Il y a devant nous, sur notre droite, le VAB (Vehicle Assembling Building), parait-il, le plus grand immeuble au monde d’un seul étage, permettant l’assemblage des fusées. Sur notre gauche, se trouve le pas de tir n° 39 qui a vu les départs des fusées et navettes sur la lune.
Le V.A.B. :
Le pas de tir 39 :
Le pas de tir de notre fusée de type ATLAS V, avec comme petit nom AV-057, chargée de mettre en orbite un satellite GPS pour le compte de l’US Air Force, se trouve entre ces deux points facilement repérables. Il fait vraiment petit.
Le pas de tir 41 :
Le commentateur nous explique que nous sommes à 5 nautiques, pour des raisons de sécurité. 5 nautiques, ça semble quand même large, mais bon. Un jeune garçon lui demande quand nous saurons que la fusée va partir. Effectivement, je me suis posé la question. Je pensais trouver le décompteur à chiffres énormes, comme au temps des départs sur la lune. Mais il n’en n’est rien. Il lui explique donc que nous aurons en direct le décompte fait depuis la salle de contrôle, et puis nous verrons une grosse lumière au pied de la fusée avant d’entendre le grondement des moteurs. Nos excellents physiciens nous expliquerons que c’est une histoire de vitesse…

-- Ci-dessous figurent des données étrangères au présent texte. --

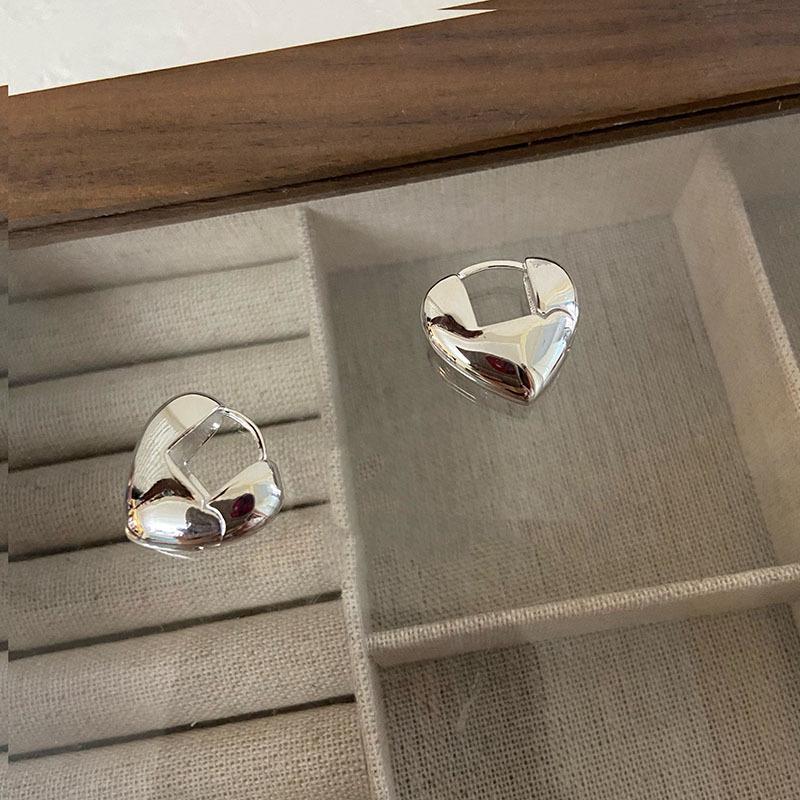 Minimalist Korean Style Heart Stud Earrings for Women - Fashionable Hip Hop Cool Peach Heart Accessories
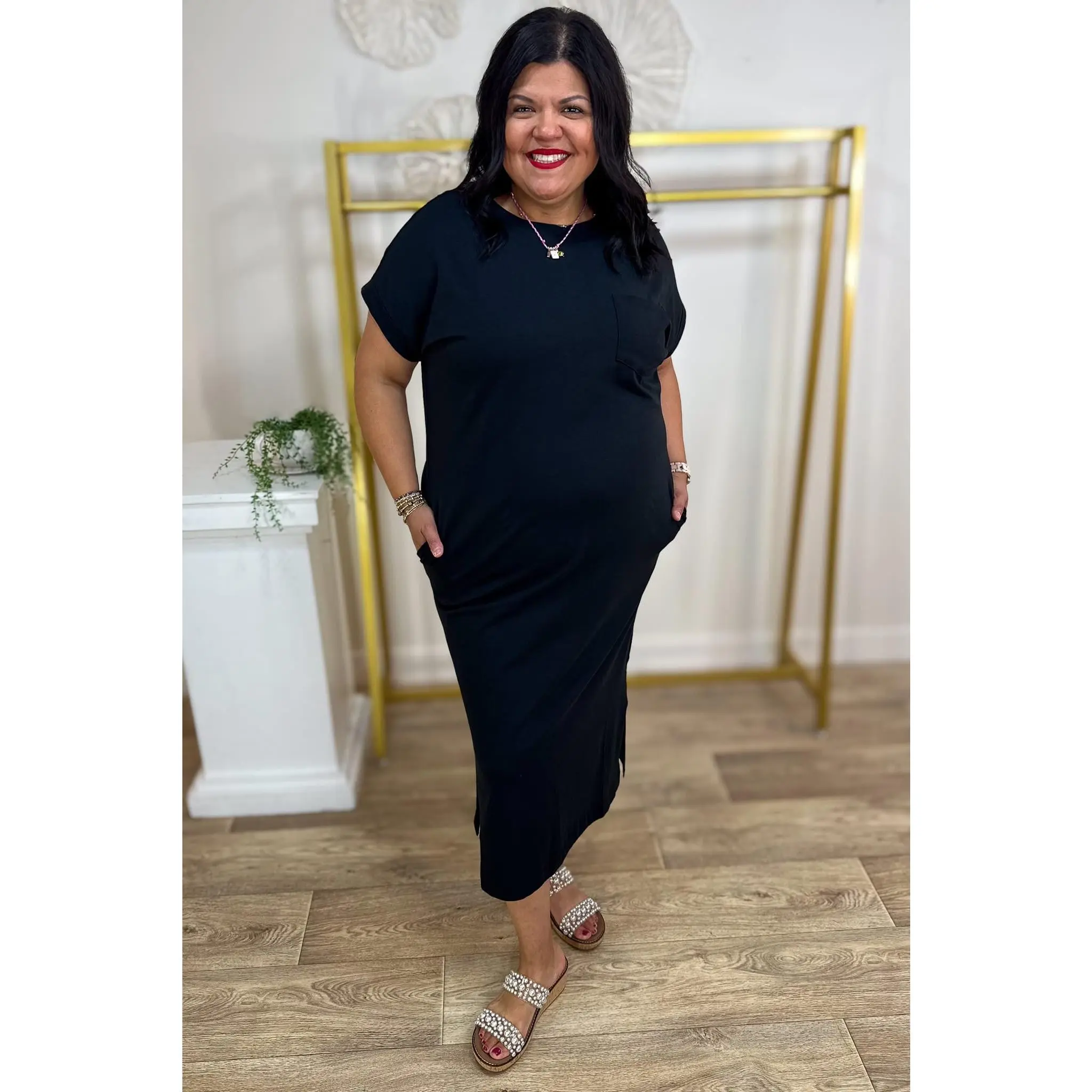 Black Round Neck Pocket Midi Dress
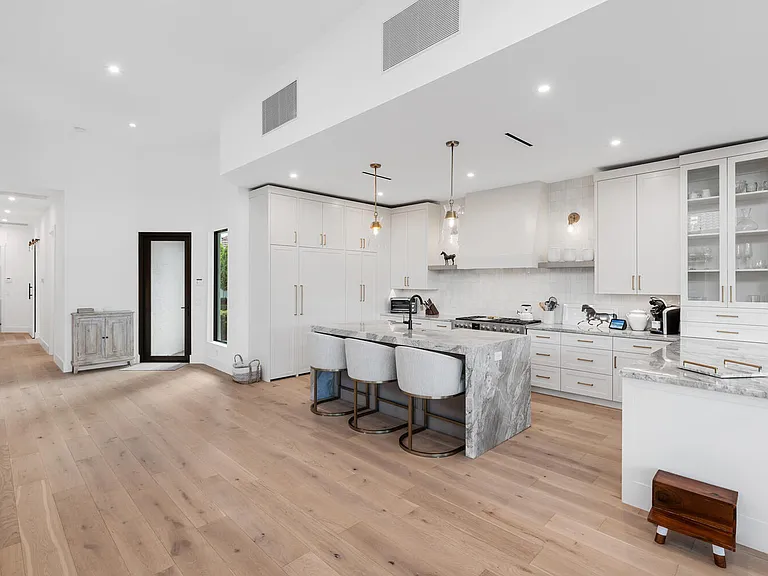 12618 Mallet Cir — Photo 6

Notre attente aura été de d’une heure au froid avant d’entendre le « starter » de la salle de contrôle effectuer son décompte, puis la lumière, puis le son, puis les vibrations… Tout dans le bon ordre.
Voici quelques photos du tir.
Le tir :
Alors, comme je n’ai pas d’appareil photo permettant de voir une mouche sur la lune, je rappelle que je suis à 5 nautiques. Je n’ai pas pu faire mieux. Désolé.
Les fusées de type ATLAS V ne sont pas récentes. Informations prises sur WIKIPEDIA :
La fusée Atlas V est un lanceur américain développé à la fin des années 1990 dans le cadre du programme Evolved Expendable Launch Vehicle (EELV) de l'Armée de l'Air américaine. Le lanceur combine un premier étage, propulsé par le moteur-fusée russe RD-180 brûlant un mélange de kérosène et d'oxygène liquide, un second étage reposant sur une version agrandie de l'étage Centaur et un nombre variable de propulseurs d'appoint. Selon les versions, il peut lancer de 9 à 19 tonnes en orbite basse et de 5 à 8,7 tonnes en orbite de transfert géostationnaire. Son premier lancement remonte au 2 août 2002.
Développé initialement par Lockheed Martin, il est désormais construit par United Launch Alliance, la coentreprise de Lockheed Martin et Boeing qui commercialise également dans la même catégorie de puissance la Delta IV. En décembre 2015, 60 lancements ont eu lieu dont un échec partiel. Plusieurs évolutions du lanceur sont à l'étude dont une version lourde dite HLV capable de placer 25 tonnes en orbite basse et une version permettant le lancement d'un équipage dans le cadre du concours CCDeV. L'Atlas V est le dernier représentant de la famille de lanceurs Atlas.
En conclusion, c’est sympa à faire car peu habituel, mais ça ne casse rien. Un vol habité doit être beaucoup plus prenant et l’ambiance beaucoup plus joyeuse que les simples applaudissements d’un vol réussi.
Bravo quand même au personnel qui a permis une nouvelle fois ce tir, et bravo pour l’organisation et la gentillesse. Là, c’est vraiment le top.